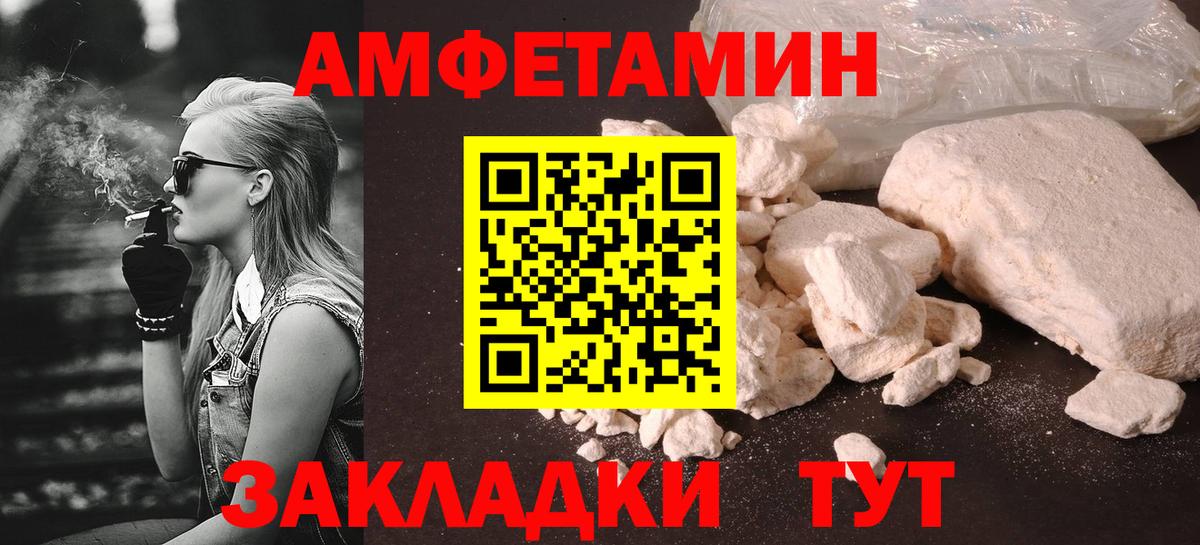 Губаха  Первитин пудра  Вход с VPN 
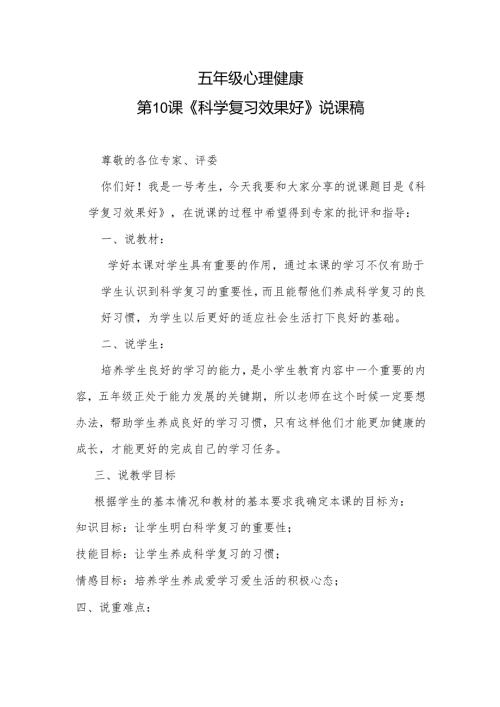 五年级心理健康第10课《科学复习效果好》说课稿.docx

☆ ☆ ☆ ☆ ☆ ☆ ☆

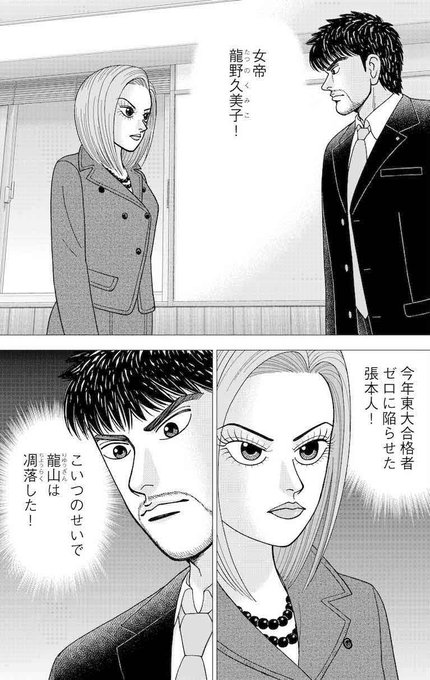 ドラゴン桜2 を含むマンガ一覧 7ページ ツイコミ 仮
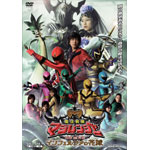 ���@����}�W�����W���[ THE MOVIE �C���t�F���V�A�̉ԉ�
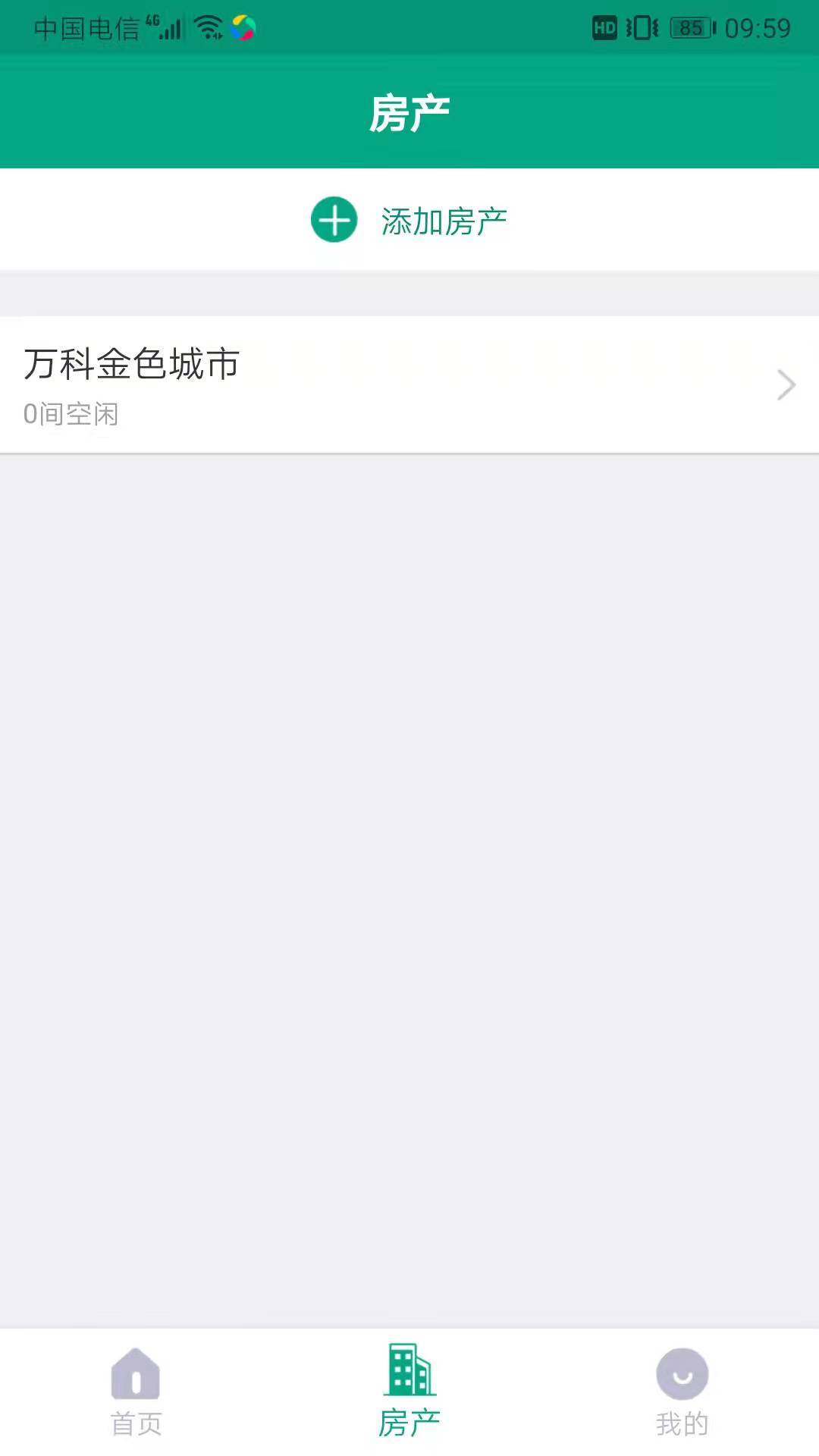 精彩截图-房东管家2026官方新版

☆ ☆ ☆ ☆ ☆ ☆ ☆

* **WHAT IS REQUIRED**:
The reply should hold exactly the lines above, starting at the line with "ドラゴン桜2 を含むマンガ一覧 7ページ ツイコミ 仮" and ending at the line with "精彩截图-房东管家2026官方新版", and no pictures.

* **RESPONSE AREA**:
 ドラゴン桜2 を含むマンガ一覧 7ページ ツイコミ 仮
 ���@����}�W�����W���[ THE MOVIE �C���t�F���V�A�̉ԉ�
 精彩截图-房东管家2026官方新版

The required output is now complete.